Prompt
Transcribe the data that follows without changing a word, and omit the pictures.

[[ Information shown, beginning ]]

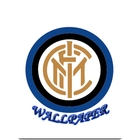 Nerazzurri Wallpaper Art icône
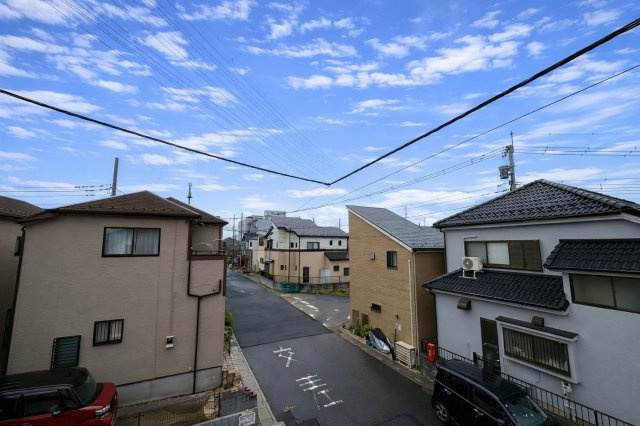 南東向きバルコニーで陽当り良好です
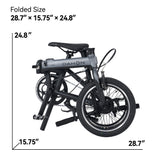 Dahon K-Feather Folding Electric Bike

[[ Information shown, end ]]

Solved problem
 Nerazzurri Wallpaper Art icône
 南東向きバルコニーで陽当り良好です
 Dahon K-Feather Folding Electric Bike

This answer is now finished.